This post originally appeared on my tinyletter, Where is my Mind?
I am writing two manuscripts right now, both memoirs of sort. The first one, which is largely complete, is a collection of my blog posts over the past 8 years that fall under the umbrella of Bad Female Academic. A number of people are now graciously reading it and giving me feedback, and it is all largely positive, except that they are having trouble figuring out WHEN things are happening as I try to weave multiple blog posts together into a more solid whole.
My other manuscript is called Reconstructing ’95, and it is my attempt to reconstruct that year in my life and how it continues to influence my life more than 20 years later. Also, rape culture. I have decided to format it thusly: each “chapter” alternates between a month in 1995, starting with January, and then comes a chapter called “Now-ish.” When I sent out a very preliminary draft, more of a detailed outline, the feedback I got was that the way I formatted the time was confusing and it all seemed really rushed. It was an outline, but I couldn’t articulate why it was important to format the chapters the way I did.

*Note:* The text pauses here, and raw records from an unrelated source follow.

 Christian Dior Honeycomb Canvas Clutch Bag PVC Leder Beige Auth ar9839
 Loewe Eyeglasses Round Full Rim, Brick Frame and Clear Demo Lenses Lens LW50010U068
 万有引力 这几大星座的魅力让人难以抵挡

From ADDitude Magazine (https://www.additudemag.com/adhd-in-adults-nervous-system/)
The ADHD world is curvilinear. Past, present, and future are never separate and distinct. Everything is now. People with ADHD live in a permanent present and have a hard time learning from the past or looking into the future to see the inescapable consequences of their actions.
From ADHD Homestead (http://adhdhomestead.net/time-blindness/):
Time blindness isn’t just a matter of ‘feeling like’ time is moving quickly or slowly. It’s a failure to view time as linear, concrete, or even finite.
Or to put it scientifically (https://pdfs.semanticscholar.org/3896/2971646fa8c4cd19e780a25882c8859b2f97.pdf):
impaired dopamine dynamics have systemic consequences for cognitive function, essentially recalibrating the clock that sets the time scale for the subjective experience of temporal events.
I write like how I experience the world and time with ADHD. Everything is now. There is an immediacy to everything that happens, that has happened, that is happening. I think it’s why I took to blogging so easily. It was now and celebrated now. Pulling the posts together is, for me, all now, all happening still at the same time. And I think for an academic, when institutions are so slow to change, it might just as well still be now, all the time a permanent now for academia.
As for my memoir, well, you know what? This is how I experienced the trauma and the aftermath. This even rudimentary organizational structure is more than my brain typically can process. It also shows how dissociative I have become with that year, that it cleaves itself off from the permanent now-ness of my memory.
So while I think I do need more sign-posts for readers, I’m not going to fundamentally change my style. I’m going to explain (in the appropriate ways) that I have ADHD and that this reading will give you a glimpse into what my perception is like, how I experience time, how I process the events that are happening around me, and how I keep processing them long after the fact.
I have a hard time because my way of seeing time isn’t the same as most people’s. And so my book is going to be different than most people’s. I think I really, really, really, really like that.